Module 4 email – 2021 Practicum in Digital History

This week we have no discussion starter video and no reading because we have 4 longer assignments and a post on the course site. Highlights for this week include the corniest shit I have ever said on video, because this week will probably be hard because it involves a lot of new concepts and understanding some logic that is probably unfamiliar.

The longest assignments for this week will probably be the first two, the API and webscraping assignments. I strongly recommend doing the assignments in the order listed because the concepts build on one another. Remember that you already have all the skills you need to do these assignments–this week we’re just putting into practice things like loops and requests, and our webscraping assignment in particular will build on our first HTML and CSS assignment. If you get stuck, look at both the cell you’re working on and the cells above it, because sometimes editing a url won’t immediately show a problem but will cause issues later on. If you’re having trouble articulating what you’re stuck on, try writing out comments in plain English, breaking down the steps of the program without detail, or inserting new code cells to try different things out before proceeding. Think about what kind of objects your variables are (is it a string? A number? A file response? An array?) and see if you can find an example of what you’re trying to do elsewhere in the assignments. Use print(thing) to see what kind of result you’re working with and use your close reading skills as a historian and from our data critique to break the problem down.

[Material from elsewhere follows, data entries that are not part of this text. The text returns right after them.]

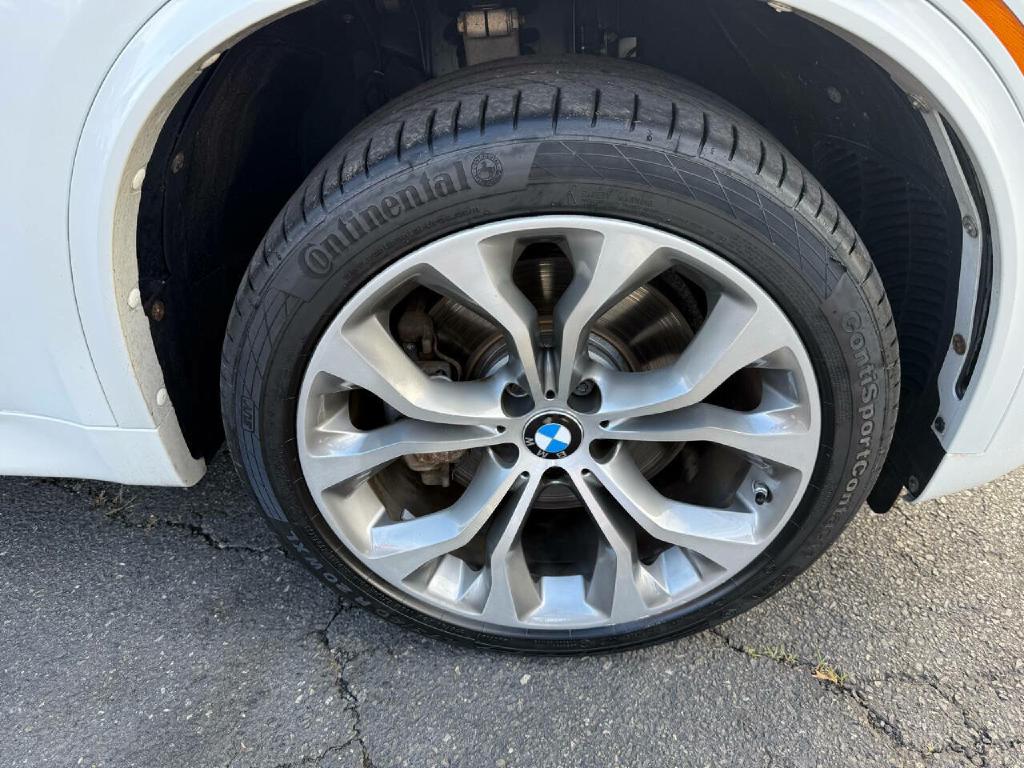 BMW X5 2014 BMW X5 5UXKR6C58E0J73182
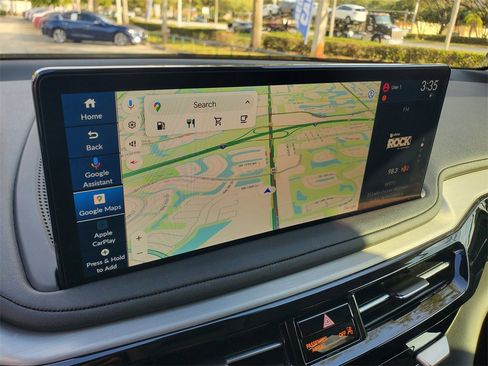 Used 2025 Acura MDX w/ Technology Package image 32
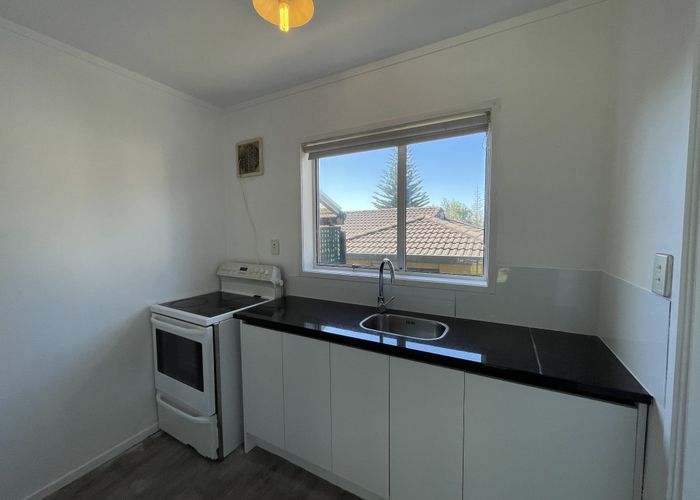  at 5/51 Rimu St, New Lynn, Waitakere City, Auckland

Nothing you can do with these assignments will break anything, so play around. If you get irreversibly stuck, you can use colab’s revision history function to revert to an earlier version of your assignment. Note also that you can just completely start from scratch if you go back to my original version of the assignment and fork it again.

This week’s assignments are mostly focused on getting and extending data (hence the module name), but the ability to work with an API can be really powerful. Increasingly content management systems for libraries, archives, and museums ship with an API built in to access collections data. Omeka, eMuseum, and many other a content management systems for libraries, archives, and museums, have APIs as part of their basic framework, so that no additional work by museum and archives staff is needed to make collections accessible. (PastPerfect, one of the most common collections management packages, lacks an API). Many museum CMS APIs also include the ability to programmatically and bulk update the public-facing website with new objects–for example, you could create a spreadsheet with all new acquisitions for the month and write a program to bulk update the online catalog, without having to have one person individually update each metadata field for each new object. We won’t be doing that in this class, but after this week you’ll have all the skills to do that. The Getty Museum has a good discussion of considerations for museum CMS if you anticipate a career in museums or archives. One of my other goals, besides good troubleshooting skills, is that all of you will come out of this class with the ability to say “this task is taking forever to do by hand, I bet there’s a better tool to do this repetitive thing.”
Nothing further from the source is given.